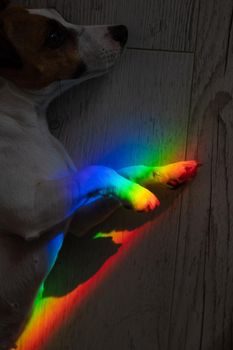 Rays of a rainbow on a lying dog Jack Russell Terrier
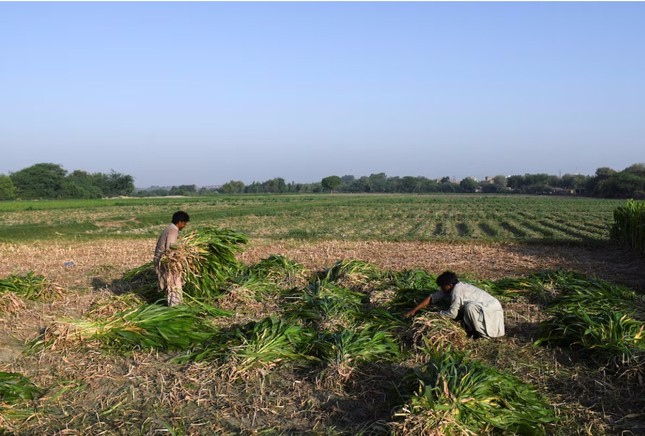 Người Pakistan hoảng sợ vì đòn trả đũa của Ấn Độ ảnh 1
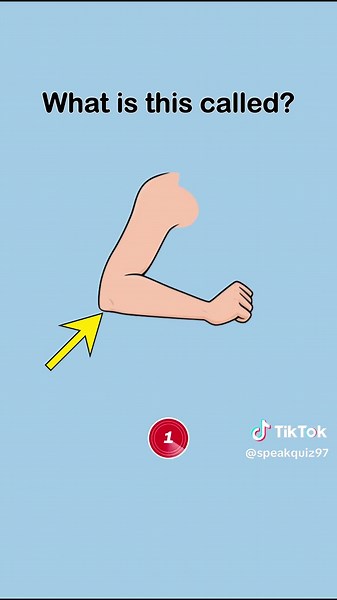 English Vocabulary Practice: Master Body Parts Terminology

* _Task details_:
Set down word for word each line from the one containing "Người Pakistan hoảng" through the end of the material, and keep the pictures out of it.

* _Your response_:
 Người Pakistan hoảng sợ vì đòn trả đũa của Ấn Độ ảnh 1
 English Vocabulary Practice: Master Body Parts Terminology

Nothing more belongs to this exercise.